Los políticos piensan
en cómo convencer al Pueblo en las campañas para obtener votos.
En ocasiones son
risibles sus ofrecimientos: prometen hasta hacer un puente donde no hay
río. Prometen todo, aunque su poder sea limitado. Los más sensatos buscan
asesores que les acerquen más a la realidad. Pero, siempre con el deseo secreto, en
ocasiones no lo saben disimular, de manipularnos.
Jesús de Nazaret
centró su predicación en el Reino de Dios.
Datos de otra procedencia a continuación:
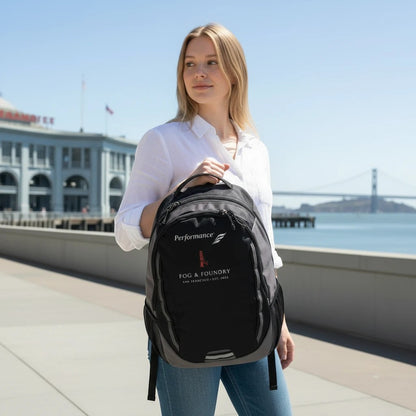Woman carrying a black Fog & Foundry Ridge backpack with embroidered hummingbird logo on a sunny San Francisco pier.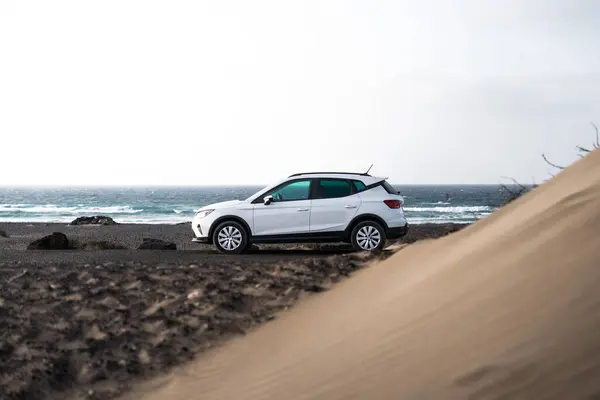 Famara kıyısı boyunca kumlu kum tepelerinin yanına park etmiş beyaz bir araba. Lanzarote 'de bulutlu bir günde arka planda dalgalar çarpıyor.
No para obtener fieles que, en
lenguaje moderno, “llenaran los bancos de la iglesia”. Sino para
prestarle desinteresadamente la ayuda que más necesitaba su Pueblo.
Y esto no era nada
nuevo. Desde la salida de Egipto el Pueblo judío consideraba a Dios como su
“libertador”, como su “pastor” y su “padre”.
¿Por qué
esta insistencia hacia la divinidad? Sencillamente porque Dios es
amor.
Aquel Pueblo del tiempo de
Jesús sufría tanto como hoy el nuestro. Existía un imperio, el romano
que, como todos los imperios, vivía oprimiendo.
Había “políticos”
vendidos al imperio. Había funcionarios públicos que les robaban.
Y, para que no
faltara nada, hasta existían ricos terratenientes que expulsaban a
los campesinos de sus tierras y se quedaban con ellas.
Todo como hoy ocurre.
Jesús respondió
entonces, y quiso que también hoy respondiéramos sus seguidores, a las
aspiraciones más profundas del Pueblo: tener lo necesario para vivir con
felicidad, ser libre para ser el protagonista de su vida, sentirse
protegido por una justicia que sea justa etc., etc.
Desgraciadamente,
nada de todo esto hacen los “amos” del Paraguay ni las autoridades,
son nuestros servidores.
Por eso no
deben admirarse de que los cristianos, además del motivo de
humanidad que tenemos todos, por la fe en Dios todavía nos sintamos más
obligados a exigir a nuestras autoridades a que cumplan sus deberes de
verdadero servicio al Pueblo.
Algunas ya se dieron
cuenta y comenzaron a tenernos miedo.